Tuesday, 3 April 2007

Give me the child

Maybe best that I just post this as it came to me. The highlighting at the end is all I will admit to as it sums up my thoughts when I heard this on the radio.


Convicted IRA trio take top portfolios in Sinn Fein line-up-News-Politics-TimesOnline


Three convicted IRA members will take the majority of Sinn Fein’s ministries in Northern Ireland’s incoming power-sharing Executive next month...Martin McGuinness as Deputy First Minister, as well as Gerry Kelly and Conor Murphy.

Mr Kelly, 54, was convicted of the 1973 Old Bailey bombing, in which one person died and 180 were injured. In 1983 he led the Maze prison breakout by Provisional IRA prisoners, in which a prison officer died of a heart attack after being stabbed.

Mr Kelly was eventually found in the Netherlands, from where he was suspected of playing a role in the IRA’s mainland Europe campaign aimed at British Army bases.

He was extradited back to Northern Ireland and, after his release from prison, became a senior Sinn Fein member. At the time of the party’s first talks with the Government more than a decade ago, he was reportedly serving as the IRA’s “adjutant general”.

He represents North Belfast in the Assembly and has been Sinn Fein’s justice and police spokesman.

Conor Murphy, the MP for Newry and Armagh, served five years for possession of weapons and membership of the Provisional IRA. He has been tipped as a successor to Gerry Adams as party leader.
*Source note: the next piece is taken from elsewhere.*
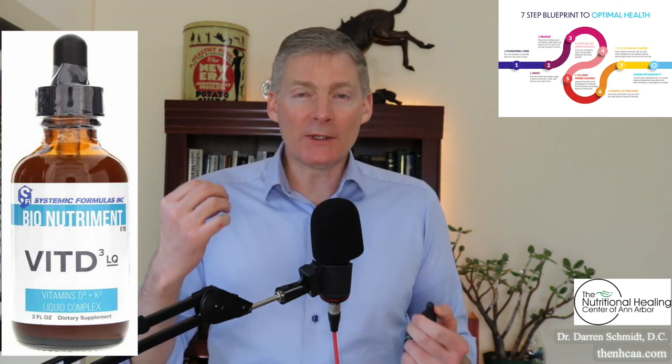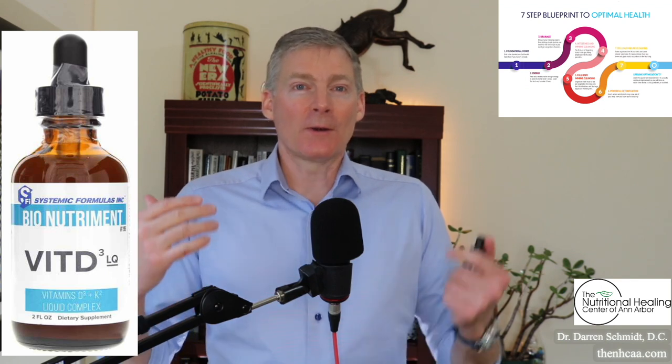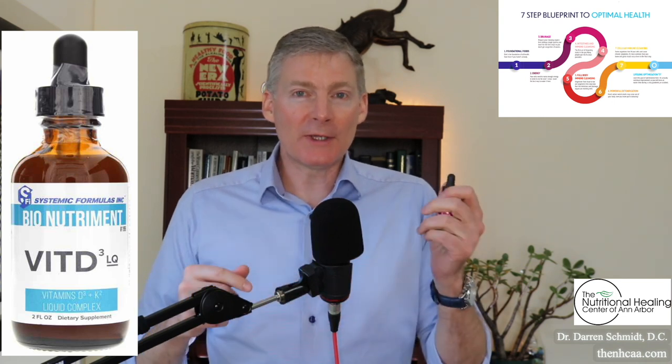Those ingredients make this the most absorbable and utilizable Vitamin D3 on the market. I know a healthcare provider who runs a lot of blood work and uses a lot of this Vitamin D3 liquid. She says it is the one that brings up Vitamin D in the blood higher and faster than any other product — because of all the synergistic nutrients you can read on the label.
Mr McGuinness admitted to being an IRA leader at the time of Bloody Sunday in Londonderry in 1972, and has been named as a former chief of staff of the Provisional IRA under parliamentary privilege, in books quoting senior republican sources and by senior security and government sources.

The same sources say that he, along with Mr Adams, remains a member of the IRA’s ruling “army council”


A lovely bunch, and par for the course. The interesting aspect is this:

Sinn Fein surprised Ian Paisley’s Democratic Unionists by choosing the education portfolio as its first choice under the d’Hondt system of distributing the Cabinet seats.

Mr McGuinness was Education Minister in the previous Executive, which was suspended in October 2002 over allegations of an IRA spy-ring at Stormont.

Mr McGuinness’s final act as Education Minister was to abolish Northern Ireland’s grammar school system

As the old Jesuit motto says: "Give me a child until he is seven and I will give you the man."

Would you be happy to have this man in charge of the compulsory schooling of your child?